For retail, it’s a jungle out there — and it’s getting increasingly difficult for firms to find a way out. JCPenney is the latest to take the store-closure route — joining Macy’s Inc., Sears and others — in hopes of staying above water during retail’s turbulent time.
“We believe closing stores will also allow us to adjust our business to effectively compete against the growing threat of online retailers,” chairman and CEO Marvin Ellison said in a release today, noting that he plans to focus on holistic omnichannel growth. “Maintaining a large store base gives us a competitive advantage in the evolving retail landscape since our physical stores are a destination for personalized beauty offerings, a broad array of special sizes, affordable private brands and quality home goods and services.”

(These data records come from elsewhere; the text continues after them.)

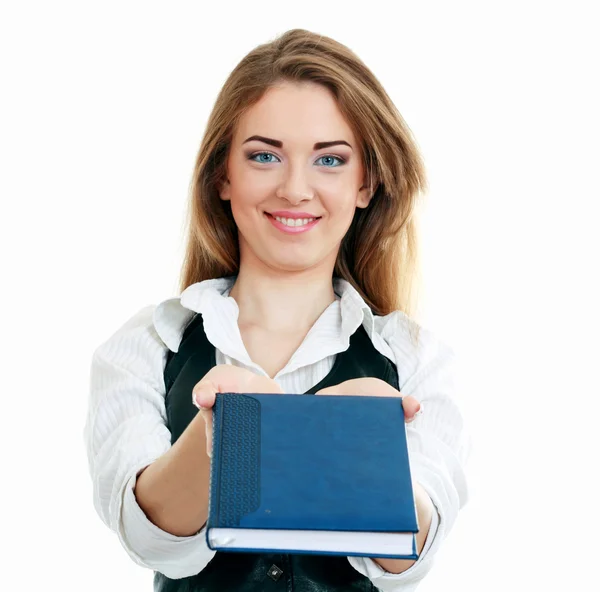 Menina estudante bonita com livro — Fotografia de Stock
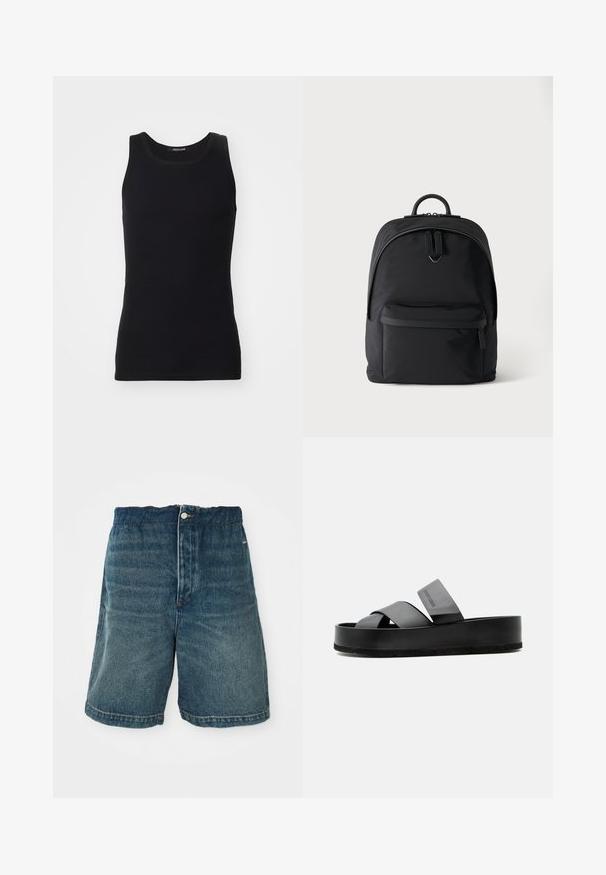 Zwarte tanktop gemaakt van een gladde, rekbare stof. Heeft een ronde halslijn en geen mouwen, met een slim fit en een eenvoudig ontwerp.; Donkerblauwe denimshorts met een losse pasvorm, voorzien van een knoopsluiting en zichtbare stiksels langs de zoom en de zakken.; Zwarte platformslipper met twee brede leren banden die over de voet kruisen en een brede band bij de enkel.; Zwarte rugzak met een voorvak met rits, hoofdvak met dubbele rits en een klein metalen logo onder de hoofdritsgrepen.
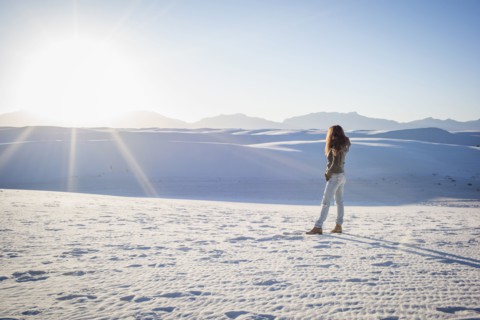 Caucasian woman standing in White Sands National Park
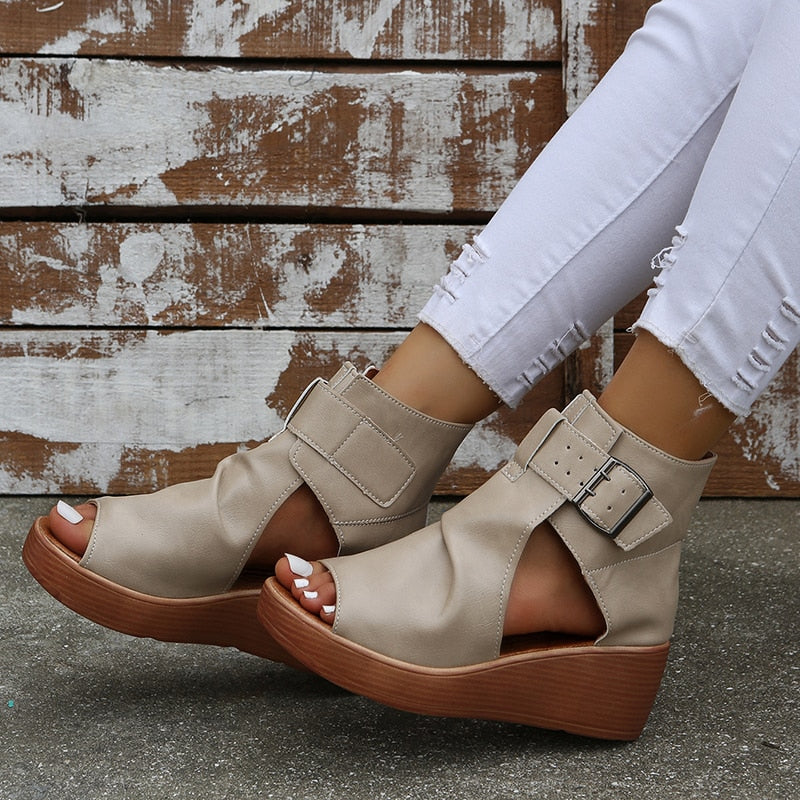 Buckle Roman Summer Ankle Boots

He added, “It is essential to retain those locations that present the best expression of the JCPenney brand and function as a seamless extension of the omnichannel experience through online order fulfillment, same-day pickup, exchanges and return.”
The company today also announced fourth-quarter and full-year earnings for fiscal year 2016.
JCPenney’s Q4 sales declined less than 1 percent, to $4 billion, which was in line with Wall Street’s forecasts. Full-year sales dipped 0.6 percent, to $12.5 billion. Comps were down 0.7 percent in Q4 and flat for the year.
Fourth-quarter profits totaled $192 million, or 61 cents per diluted share, a solid improvement from the comparable period when the company posted a net loss of $131 million, or 43 cents per diluted share. Adjusted diluted earnings per share, at 64 cents, were 3 cents higher than analysts’ estimates.
Full-year profits were $1 million, or zero cents per diluted share, compared with a net loss of $1.68 last year. Adjusted diluted EPS were 8 cents per share compared with diluted losses per share of $1.03 last year.
Looking ahead, JCPenney predicts that its 2017 comparable store sales growth will range from down 1 percent to up 1 percent, and adjusted EPS are expected to be in the range of 40 cents to 65 cents.
“This year was not without its challenges, particularly in our women’s apparel business, but I am proud this team delivered on our goal to return our company to profitability in 2016,” Ellison said. “This is no small feat when considering the situation a few years ago, but our over 100,000 associates embraced our strategy and came to work each day focused on doing their part to drive this incredible turnaround in profitability.”
As of noon, JCPenney shares were down nearly 9 percent, to $6.26.